Hermeneutics is the
art of interpreting. Although it began as a legal and theological methodology
governing the application of civil law, canon law, and the interpretation of
Scripture, it developed into a general theory of human understanding through
the work of Friedrich Schleiermacher, Wilhelm Dilthey, Martin Heidegger,
Hans-Georg Gadamer, Paul Ricoeur, and Jacques Derrida. Hermeneutics proved to
be much bigger than theology or legal theory. The comprehension of any written
text requires hermeneutics; reading a literary text is as much a hermeneutic
act as interpreting law or Scripture.
Without collapsing
critical thinking into relativism, hermeneutics recognizes the historicity of
human understanding. Ideas are nested in historical, linguistic, and cultural
horizons of meaning. A philosophical, theological, or literary problem can only
be genuinely understood through a grasp of its origin. Hermeneutics is in part
the practice of historical retrieval, the re-construction of the historical
context of scientific and literary works. Hermeneutics does not re-construct
the past for its own sake; it always seeks to understand the particular way a
problem engages the present. A philosophical impulse motivates hermeneutic
re-construction, a desire to engage a historically transmitted question as a genuine
question, worthy of consideration in its own right. By addressing questions
within ever-new horizons, hermeneutic understanding strives to break through
the limitations of a particular world-view to the matter that calls to
thinking.Ý
Hermeneutics opposes
the radical relativist notion that meaning cannot be trans-lingual. As the
speculative grammarians of the Middle Ages recognized, all languages are rooted in a depth grammar of human
meaning. This ontological grammar is not a meta-language in which everything
can be said. Rather, it is the single horizon of human understanding, which
makes speakers of various languages members of a human community. On the other
hand, hermeneutics opposes the rationalist tendency to downplay the uniqueness
of languages. Hermeneutics is not satisfied with translating
the language of the other; it wants to speak with the other in the
language of the other.
Hermeneutics is
philosophy in the original sense of the word, the love of wisdom, the search
for as comprehensive an understanding of human existence as possible.
The
Need for Inter-Disciplinary Collaboration
Hermeneutics cannot
happen without a level of inter-disciplinary collaboration that does not yet
exist on university campuses. The theologian needs the philosopher as much as
the philosopher needs the theologian; both need the literary critic.

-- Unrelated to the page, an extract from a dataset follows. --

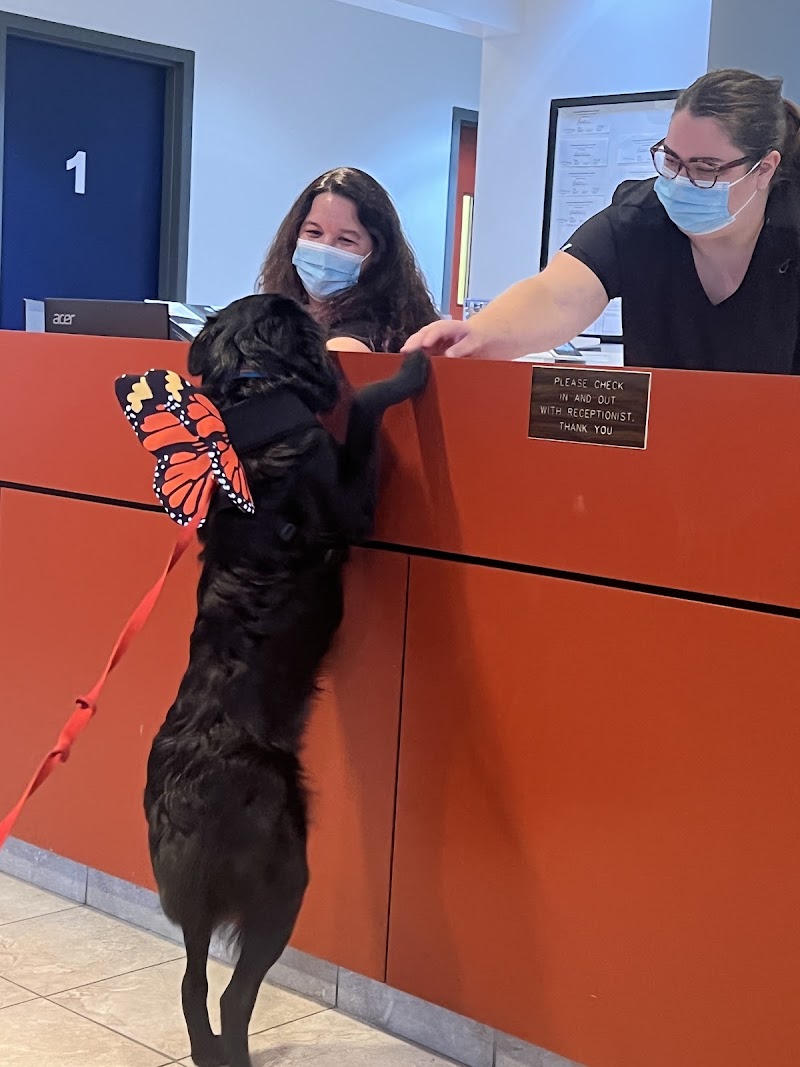 Vancouver Veterinary Hospital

Hermeneutics is a resolute break with the specialization that has isolated
academic disciplines, an effort to redress fragmentation without infringing
upon any science's unique area of inquiry.
The
Need for Inter-Linguistic Collaboration
On a certain level,
translation is impossible. What is said in a particular language is said in a
distinct form of life, a historical context of meaning. The only way to
understand a text is to read it in its original language; the only way to read
a language is to be familiar with its form of life. Nonetheless, as Walter
Benjamin put it, we must translate. Translation is not a simple
substitution of language, but a hermeneutic exercise of interpreting how a
meaning can be transposed into a historical-linguistic horizon different from
the one in which it originated. What emerges in the target language is not
identical to the original,
nor wholly different; it is a new expression of the meaning, an effect of its
history (Wirkungsgeschichte).
The
Need for Inter-Religious Collaboration
Hermeneutics has had
immense impulses from theology through the work of Roman Catholic theologians
Karl Rahner, Hans Urs von Balthasar, and Bernard Lonergan, Protestant
theologians Friedrich Schleiermacher and Karl Barth, and Jewish theologians
Franz Rosenzweig, Martin Buber, and Emmanuel Levinas. The philosophical and
literary traditions of the world are intimately bound up with the practice of
human religion. Understanding traditional texts is not possible without a
religious context. This understanding can be independent of an individual
religious commitment. Hermeneutics acknowledges that the meaning of a religious
text is uniquely disclosed within the horizon of a particular faith; however,
hermeneutics is equally interested in reading religious texts within the
horizon of un-belief. In the hermeneutic universe, no voice is excluded from
the conversation because of a faith commitment or a lack thereof. According to
Hans-Georg Gadamer, our pre-judgments do not impede understanding; on the
contrary, they make it possible.
The
Need for Inter-National Collaboration
The world of business
knows that the economy is global; the world of academia has been slower to
recognize the global unification of research through
communication technology. A university can no longer remain
content within its national boundaries; it must become a center for
inter-national collaboration. We only understand the other by entering their
horizon. We only enter the horizon of the other by acknowledging its otherness.
We must meet. We must interpret. The contemporary
university must become a center for inter-cultural and intra-cultural dialogue
if it is to remain relevant in the twenty first century.